Protocol of the Session on December 21, 2006

Ministerium für Umwelt und Naturschutz, Landwirtschaft und Verbraucherschutz

Ich gebe den Hinweis, dass es dazu Änderungsanträge der Fraktion Bündnis 90/Die Grünen gibt, die Ihnen mit den Nummern 49 bis 62 der Tischvorlage vorliegen.

Ich eröffne die Beratung und gebe das Wort an Frau Schulze von der SPD-Fraktion. Bitte schön.
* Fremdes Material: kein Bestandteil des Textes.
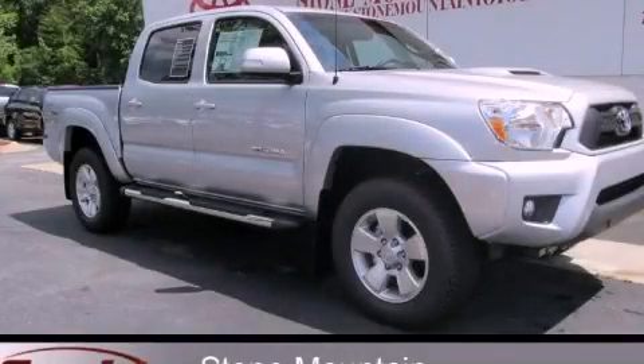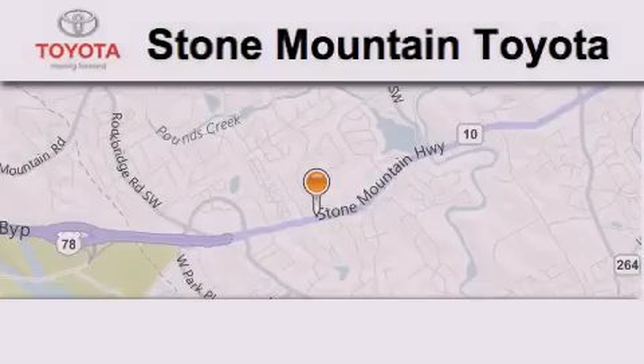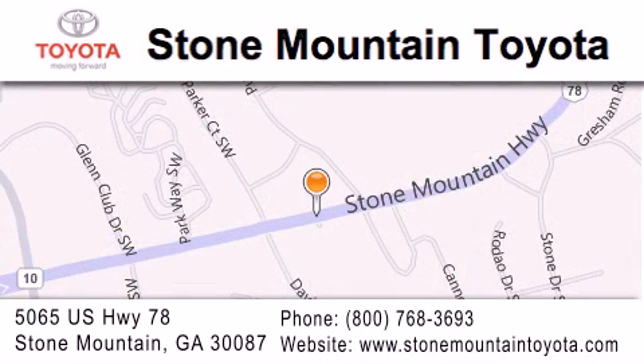Contact us today to arrange your test drive. Stone Mountain Toyota is located at 5065 US Highway 78 in Stone Mountain. Our goal is to exceed all of your expectations to ensure that you'll return for future visits.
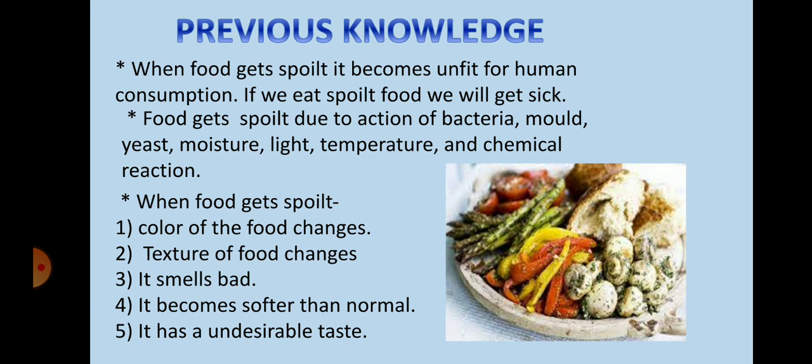When food gets spoiled, the color of the food changes, the texture of the food changes, it smells bad, it becomes softer than normal, and it has an undesirable taste.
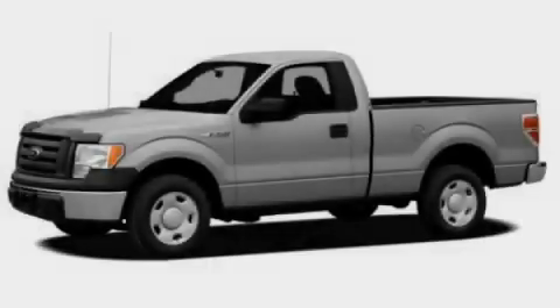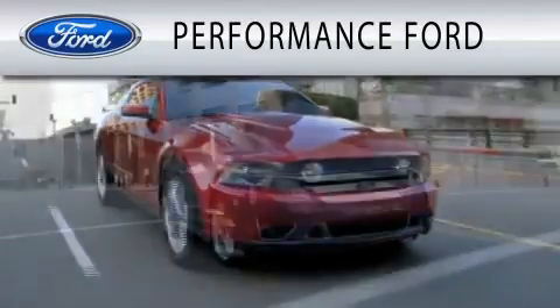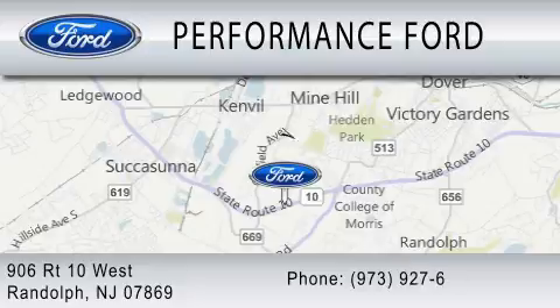Stop by today and test drive this vehicle for yourself. Performance Ford is dedicated to doing everything possible to ensure that the experience you have selecting your vehicle is as pleasant as possible. We are located at 906 Route 10 West in Randolph.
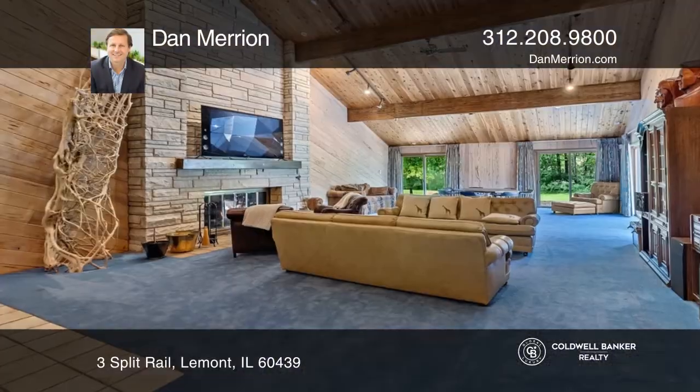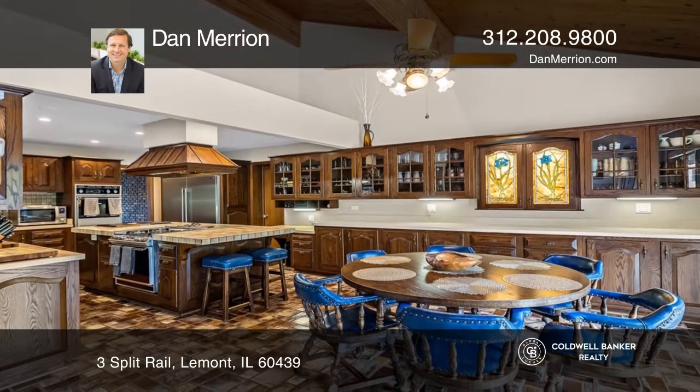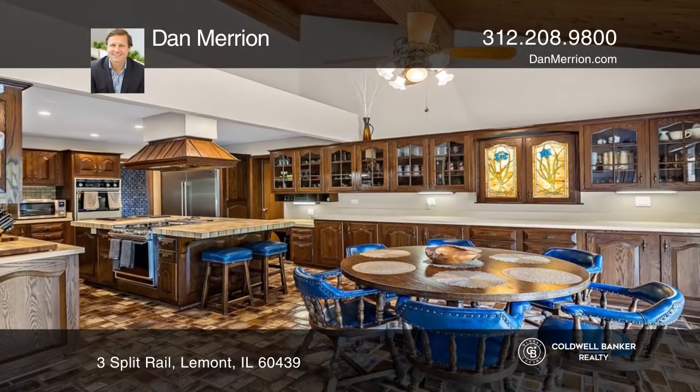Situated on over three acres that back up to the Forest Preserve and Equestrian Estates, this sunlit home is an entertainer's dream with amenities galore.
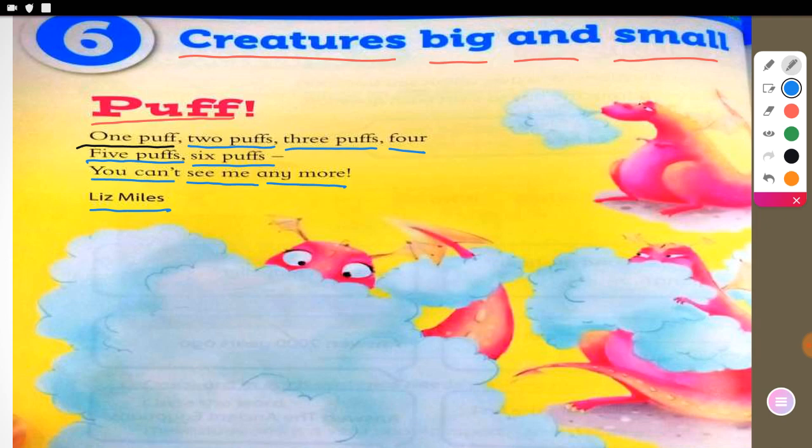Have you finished reading? Right here in this picture you can see the dragon doing puffs — one puff, two puffs, three puffs, four, five, until six puffs. The writer, or poet, who wrote this poem is referring to a dragon doing its puff.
Meine Damen und Herren! Der EU-Umweltkommissar Stavros Dimas hat erst vor Kurzem deutlich gemacht, welche Verluste uns im Umweltbereich drohen. In der EU beschleunigt sich der Artenverlust: 42 % der Säugetiere, 43 % der Vögel und 52 % der Fische sind vom Aussterben bedroht. Wir wissen gleichzeitig, welches Bild Kinder und Jugendliche heute von Natur und Umwelt haben. Dazu hat uns der „Jugendreport Natur“ deutliche Hinweise gegeben.

(Unruhe – Glocke)

Wir haben hier im Parlament auch schon öfter über den Klimawandel geredet. Allen ist eigentlich klar: Das ist eine große Herausforderung für die Politik hier in Nordrhein-Westfalen. NordrheinWestfalen hat nächstes Jahr den Vorsitz in der Umweltministerkonferenz. Deutschland wird die EU-Ratspräsidentschaft übernehmen; dort wird ein Schwerpunkt die Energiepolitik sein. Also riesige Herausforderungen für das Energieland Nummer eins!

Darauf müsste diese Landesregierung auch mit ihrer Haushaltspolitik eine Antwort geben. Aber wie in den anderen Einzelplänen zeigt sich auch hier die Koalition der Täuschung und Enttäuschung.

(Beifall von der SPD)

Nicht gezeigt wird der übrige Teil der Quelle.